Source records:
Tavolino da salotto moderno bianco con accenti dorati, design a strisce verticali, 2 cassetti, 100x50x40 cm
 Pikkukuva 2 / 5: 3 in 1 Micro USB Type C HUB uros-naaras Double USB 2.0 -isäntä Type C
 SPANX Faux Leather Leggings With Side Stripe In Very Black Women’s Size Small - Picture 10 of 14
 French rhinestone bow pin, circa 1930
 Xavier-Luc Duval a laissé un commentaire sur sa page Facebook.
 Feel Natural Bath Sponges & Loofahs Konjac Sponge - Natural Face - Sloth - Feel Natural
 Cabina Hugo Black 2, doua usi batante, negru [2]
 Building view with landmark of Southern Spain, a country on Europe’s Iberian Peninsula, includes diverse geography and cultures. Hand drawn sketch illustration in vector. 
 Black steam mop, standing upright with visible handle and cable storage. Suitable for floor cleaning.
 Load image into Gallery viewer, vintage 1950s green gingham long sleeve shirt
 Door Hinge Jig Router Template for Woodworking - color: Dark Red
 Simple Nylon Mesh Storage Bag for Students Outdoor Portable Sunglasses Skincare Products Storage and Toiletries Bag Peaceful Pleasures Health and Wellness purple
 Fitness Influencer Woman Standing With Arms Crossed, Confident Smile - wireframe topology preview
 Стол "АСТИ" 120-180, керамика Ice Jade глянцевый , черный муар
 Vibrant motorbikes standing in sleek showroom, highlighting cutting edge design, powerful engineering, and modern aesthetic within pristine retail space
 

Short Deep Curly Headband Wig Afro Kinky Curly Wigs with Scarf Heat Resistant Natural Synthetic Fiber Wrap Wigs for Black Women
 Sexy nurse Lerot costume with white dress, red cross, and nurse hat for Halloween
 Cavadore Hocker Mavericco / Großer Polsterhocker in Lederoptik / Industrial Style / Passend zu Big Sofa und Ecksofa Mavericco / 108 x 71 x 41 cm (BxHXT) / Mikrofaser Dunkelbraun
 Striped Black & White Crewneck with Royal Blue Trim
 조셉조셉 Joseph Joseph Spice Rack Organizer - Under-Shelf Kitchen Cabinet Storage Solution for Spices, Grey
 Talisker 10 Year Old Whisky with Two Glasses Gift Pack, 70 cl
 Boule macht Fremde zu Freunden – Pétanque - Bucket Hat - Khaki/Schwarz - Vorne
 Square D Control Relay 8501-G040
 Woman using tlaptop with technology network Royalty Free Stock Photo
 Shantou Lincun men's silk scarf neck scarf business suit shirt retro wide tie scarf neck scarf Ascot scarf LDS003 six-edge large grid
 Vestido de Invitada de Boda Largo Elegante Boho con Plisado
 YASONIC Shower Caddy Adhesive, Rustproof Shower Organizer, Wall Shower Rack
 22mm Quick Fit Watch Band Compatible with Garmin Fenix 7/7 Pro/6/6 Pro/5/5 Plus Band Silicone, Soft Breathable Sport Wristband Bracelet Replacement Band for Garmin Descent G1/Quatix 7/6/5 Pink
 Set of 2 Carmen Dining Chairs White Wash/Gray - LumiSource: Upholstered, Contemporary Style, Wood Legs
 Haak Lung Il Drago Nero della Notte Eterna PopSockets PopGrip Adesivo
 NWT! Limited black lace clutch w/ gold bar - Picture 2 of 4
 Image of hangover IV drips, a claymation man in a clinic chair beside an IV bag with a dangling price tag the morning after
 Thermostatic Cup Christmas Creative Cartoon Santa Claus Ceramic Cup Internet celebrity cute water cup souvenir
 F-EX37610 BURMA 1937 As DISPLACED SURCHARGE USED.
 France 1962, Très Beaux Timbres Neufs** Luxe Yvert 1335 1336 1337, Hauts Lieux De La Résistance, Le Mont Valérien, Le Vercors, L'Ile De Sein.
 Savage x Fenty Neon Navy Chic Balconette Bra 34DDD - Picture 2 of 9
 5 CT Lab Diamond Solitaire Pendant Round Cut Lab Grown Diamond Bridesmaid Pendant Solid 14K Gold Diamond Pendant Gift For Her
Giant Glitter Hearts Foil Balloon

■ **Instructions for the task**:
Search the entries for the word "Gift". Copy each line where it appears.

■ **Answer box**:
 Talisker 10 Year Old Whisky with Two Glasses Gift Pack, 70 cl
 5 CT Lab Diamond Solitaire Pendant Round Cut Lab Grown Diamond Bridesmaid Pendant Solid 14K Gold Diamond Pendant Gift For Her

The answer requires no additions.